Published: March 15, 2019

Original article can be found at The Denver Post
Originally published on March 15, 2019 By Patty Limerick

“Treat every place as if it were a small town.”

This advice comes from Kate Klonick, a professor who teaches courses in information privacy at St. Johns University. She crafted that sentence to warn people against disclosing private information in public places where we think we are unobserved.

But add just seven more words, and her advice skyrockets in relevance: “Treat every place as if it were a small town because this will train you in accountability.”

Born and raised in a small town, I was quick to volunteer for accountability training. At age 5, I showed up in my kindergarten class with a bad bruise on my chin. My teacher asked me how I got the bruise.

The true but embarrassing answer: “I tripped and fell.”

The answer I gave: “My big sister pushed me.”

Within a very few hours, my kindergarten teacher ran into my mother. “I wouldn’t worry,” the teacher said. “My own kids fight all the time.” Puzzled, my mother asked her why she made this remark.

Just a few short minutes later, I was the beneficiary of a lasting lesson in small-town accountability.

Understand, I am not romanticizing small towns, and I am not exaggerating the harmony of those communities. But I am asserting that nearly every day confronts small-town residents with a choice: “Shall I invest a brief amount of time in thinking about what I am tempted to say? Or would I prefer to speak impulsively, and then invest a vast amount of time in cleaning up after myself?”

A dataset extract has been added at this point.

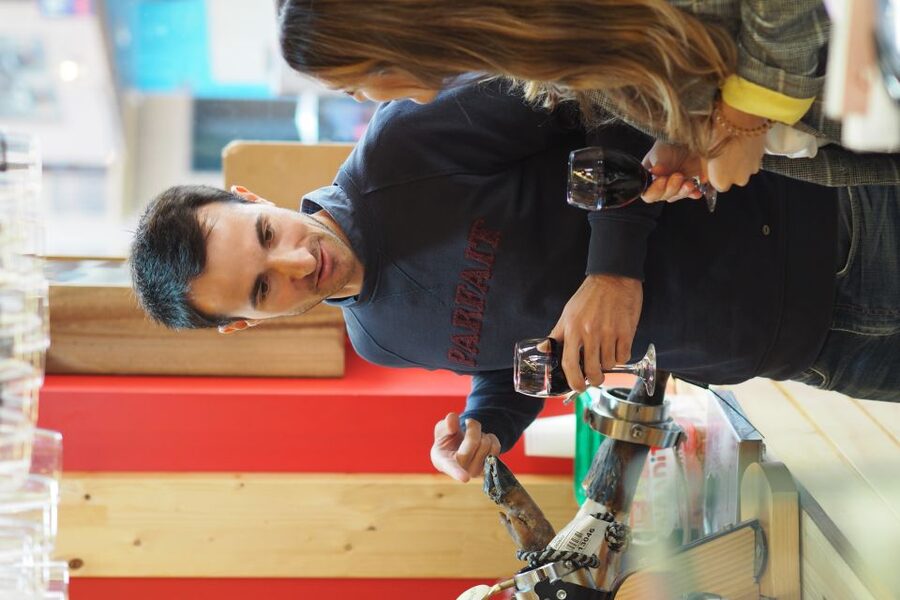 Valencia: Morning Food Tour with Central Market Visit - Old shops and the first local tastings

Given the frailty of human nature, the lesson delivered by making the wrong choice can still require reinforcement. Returning for a visit after I had departed for college, I went with my mother to the annual high school play. Directed by a teacher new to town, the performance went poorly, with many forgotten lines and bungled moves on stage. During the intermission, my mother and I were overcome with hilarity, and we spoke mockingly of the director’s troubles.

And then an acquaintance sitting nearby intervened. “You should know,” he said, “that you are sitting right behind the director’s wife.”

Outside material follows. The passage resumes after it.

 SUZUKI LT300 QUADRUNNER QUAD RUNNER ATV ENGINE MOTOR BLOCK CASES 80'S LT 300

Lesson learned. Or, actually, relearned for the thousandth time.

These lessons in accountability do not add up to a prescription for timid silence. On the contrary, their modest goal is to lower the level of noise and to reinforce the wisdom packed into that familiar phrase, Pick your battles.

So why not frame these final two weeks of March as a large-scale social psychology experiment? Starting now, let’s take those promising ten words — “Treat every place as if it were a small town” — for a well-deserved test run.

Patty Limerick is faculty director and chair of the Center of the American West at the University of Colorado.